Terror did not sit on that stump long. He knew that Peter was not likely to come out in a hurry. Presently he flew away, and Peter suspected from the direction in which he was headed that Terror was going over to visit Farmer Brown's henyard. Of all the members of the Hawk family there is none more bold than Terror the Goshawk. He would not hesitate to seize a hen from almost beneath Farmer Brown's nose. He is well named, for the mere suspicion that he is anywhere about strikes terror to the heart of all the furred and feathered folks. He is so swift of wing that few can escape him, and he has no pity, but kills for the mere love of killing. In this respect he is like Shadow the Weasel. To kill for food is forgiven by the little people of the Green Forest and the Green Meadows, but to kill needlessly is unpardonable. This is why Terror the Goshawk is universally hated and has not a single friend.

All that day Peter remained hidden in that hollow log. He did not dare put foot outside until the Black Shadows began to creep through the Green Forest. Then he knew that there was nothing more to fear from Terror the Goshawk, for he hunts only by day. Once more Peter's thoughts were chiefly of his stomach, for it was very, very empty.

But it was not intended that Peter should fill his stomach at once. He had gone but a little way when from just ahead of him the silence of the early evening was broken by a terrifying sound—“Whooo-hoo-hoo, whooo-hoo!” It was so sudden and there was in it such a note of fierceness that Peter had all he could do to keep from jumping and running for dear life. But he knew that voice and he knew, too, that safety lay in keeping perfectly still. So with his heart thumping madly, as when he had escaped from Terror that morning, Peter sat as still as if he could not move.
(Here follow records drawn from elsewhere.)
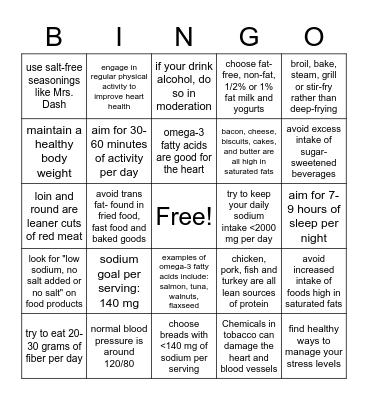 Heart Healthy Bingo Card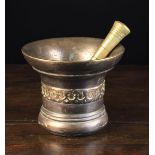 A Large 17th Century Cast Bronze Alloy Pestle & Mortar.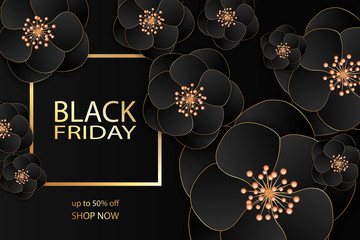 Black friday sale banner template design.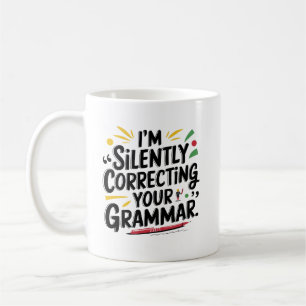 Caneca De Café Engraçado Professor Inglês: Silencioso Design de G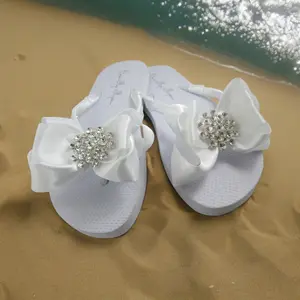 Big Jewel Satin Bow Flip Flops, Bridal Sandals or Quinceanera, Vacation Destination White Flat or Low Heel
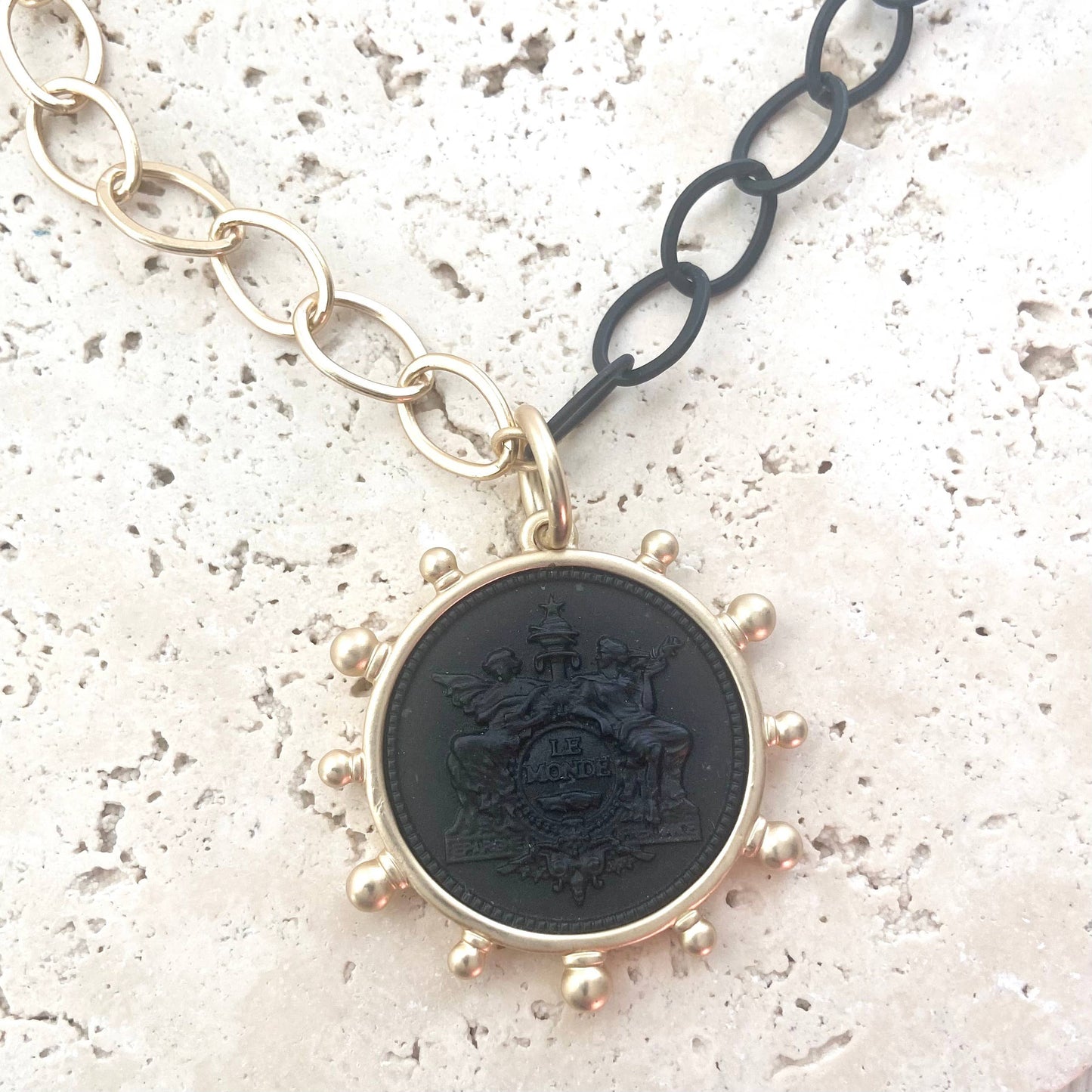 Coin necklace mixed metal jewelry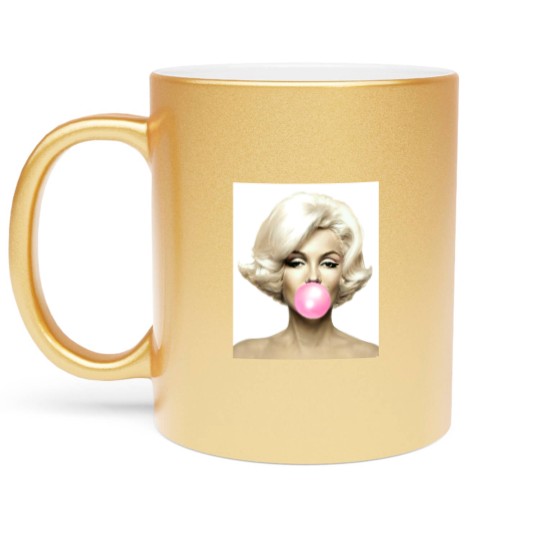Discover Pink Marilyn Monroe Bubble Gum Metallic Mugs Metallic Mugs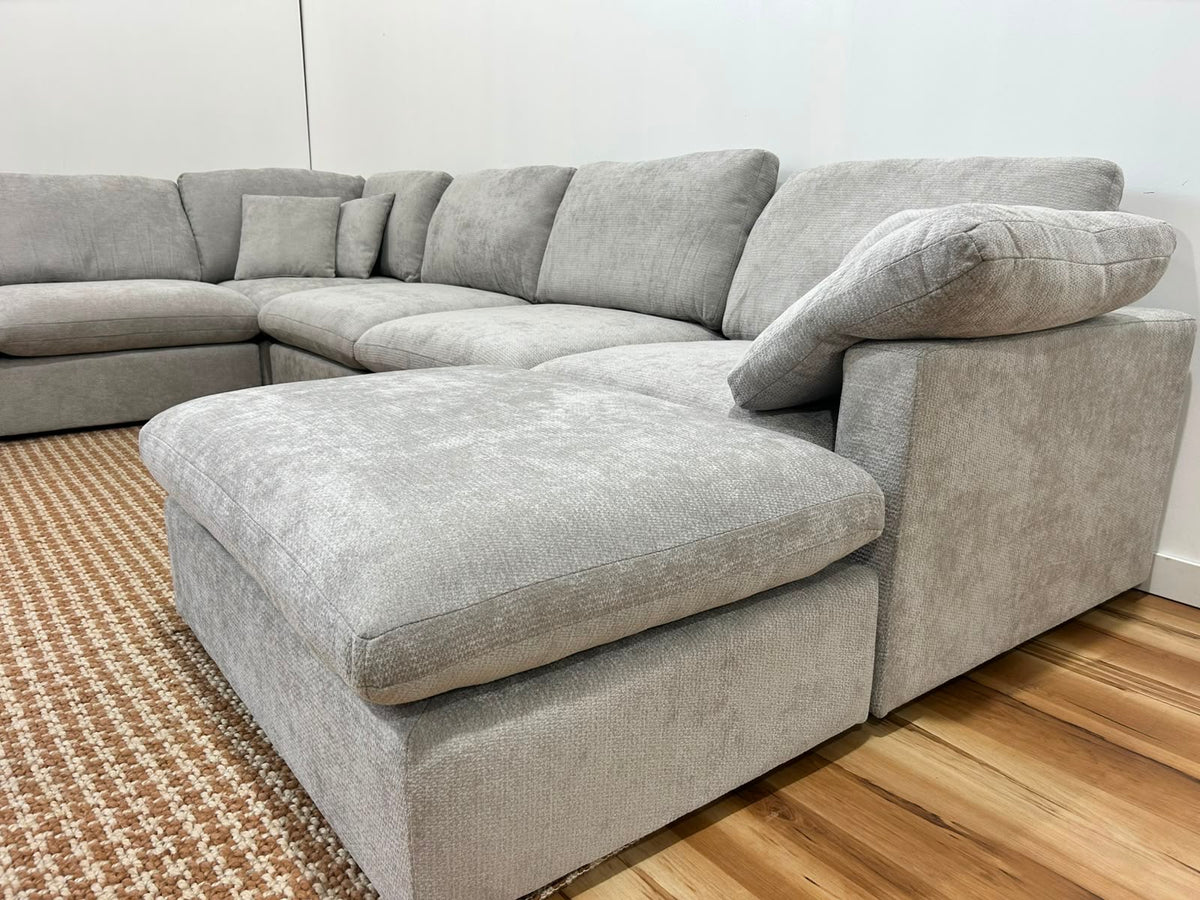 Nest | Light Grey | Corner Sectional | 6pc Corner + Ottoman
It was the hunting call of Hooty the Great Horned Owl, and it had been intended to frighten some one into jumping and running, or at least into moving ever so little. Peter knew all about that trick of Hooty's. He knew that in all the Green Forest there are no ears so wonderful as those of Hooty the Owl, and that the instant he had uttered that fierce hunting call he had strained those wonderful ears to catch the faintest sound which some startled little sleeper of the night might make. The rustle of a leaf would be enough to bring Hooty to the spot on his great silent wings, and then his fierce yellow eyes, which are made for seeing in the dusk, would find the victim.

So Peter sat still, fearful that the very thumping of his heart might reach those wonderful ears. Again that terrible hunting cry rang out, and again Peter had all he could do to keep from jumping. But he didn't jump, and a few minutes later, as he sat staring at a certain tall, dead stub of a tree, wondering just where Hooty was, the top of that stub seemed to break off, and a great, broad-winged bird flew away soundlessly like a drifting shadow. It was Hooty himself. Sitting perfectly straight on the top of that tall, dead stub he had seemed a part of it. Peter waited some time before he ventured to move. Finally he heard Hooty's hunting call in a distant part of the Green Forest, and knew that it was safe for him to once more think of his empty stomach.

Later in the winter while the snow still lay in the Green Forest, and the ice still bound the Laughing Brook, Peter made a surprising discovery. He was over in a certain lonely part of the Green Forest when he happened to remember that near there was an old nest which had once belonged to Redtail the Hawk. Out of idle curiosity Peter ran over for a look at that old nest. Imagine how surprised he was when just as he came within sight of it, he saw a great bird just settling down on it. Peter's heart jumped right up in his throat. At least that is the way it seemed, for he recognized Mrs. Hooty.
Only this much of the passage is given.